Repeat the data that follows verbatim. Images are not part of the copy.

▶ _Recorded data_:
+++

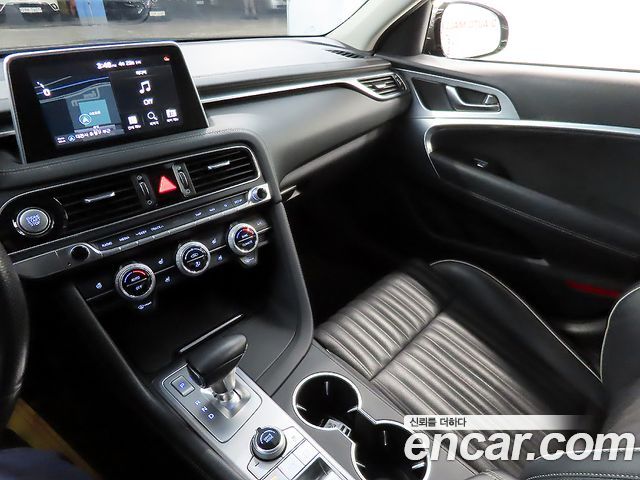 Genesis G70 2.0T Supreme 2018 — фото 22
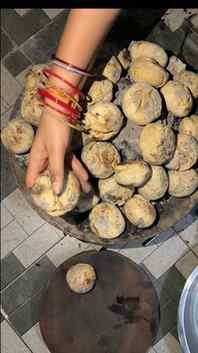 Village style gakkad at home (baati)#foodie
#viralreels
#ree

+++

▶ _Completed task_:
 Genesis G70 2.0T Supreme 2018 — фото 22
 Village style gakkad at home (baati)#foodie
#viralreels
#ree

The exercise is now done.